### Exercise details
Copy out the entries that come next, exactly.

Short text fragments from websites
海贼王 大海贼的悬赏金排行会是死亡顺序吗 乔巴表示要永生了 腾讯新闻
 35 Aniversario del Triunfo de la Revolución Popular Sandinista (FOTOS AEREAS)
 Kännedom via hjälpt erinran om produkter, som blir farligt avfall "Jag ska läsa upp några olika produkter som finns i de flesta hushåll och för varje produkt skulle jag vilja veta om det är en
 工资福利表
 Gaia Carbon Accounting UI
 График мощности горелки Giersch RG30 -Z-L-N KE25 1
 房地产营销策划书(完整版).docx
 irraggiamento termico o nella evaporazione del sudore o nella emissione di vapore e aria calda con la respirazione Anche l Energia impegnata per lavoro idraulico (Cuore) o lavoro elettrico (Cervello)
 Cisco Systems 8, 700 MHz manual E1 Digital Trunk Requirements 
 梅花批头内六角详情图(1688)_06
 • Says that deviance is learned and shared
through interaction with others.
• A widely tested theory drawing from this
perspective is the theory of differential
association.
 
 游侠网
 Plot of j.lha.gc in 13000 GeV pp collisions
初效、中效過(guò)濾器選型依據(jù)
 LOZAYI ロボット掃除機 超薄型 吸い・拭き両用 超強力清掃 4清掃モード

### Your solution
海贼王 大海贼的悬赏金排行会是死亡顺序吗 乔巴表示要永生了 腾讯新闻
 35 Aniversario del Triunfo de la Revolución Popular Sandinista (FOTOS AEREAS)
 Kännedom via hjälpt erinran om produkter, som blir farligt avfall "Jag ska läsa upp några olika produkter som finns i de flesta hushåll och för varje produkt skulle jag vilja veta om det är en
 工资福利表
 Gaia Carbon Accounting UI
 График мощности горелки Giersch RG30 -Z-L-N KE25 1
 房地产营销策划书(完整版).docx
 irraggiamento termico o nella evaporazione del sudore o nella emissione di vapore e aria calda con la respirazione Anche l Energia impegnata per lavoro idraulico (Cuore) o lavoro elettrico (Cervello)
 Cisco Systems 8, 700 MHz manual E1 Digital Trunk Requirements 
 梅花批头内六角详情图(1688)_06
 • Says that deviance is learned and shared
through interaction with others.
• A widely tested theory drawing from this
perspective is the theory of differential
association.
 
 游侠网
 Plot of j.lha.gc in 13000 GeV pp collisions
初效、中效過(guò)濾器選型依據(jù)
 LOZAYI ロボット掃除機 超薄型 吸い・拭き両用 超強力清掃 4清掃モード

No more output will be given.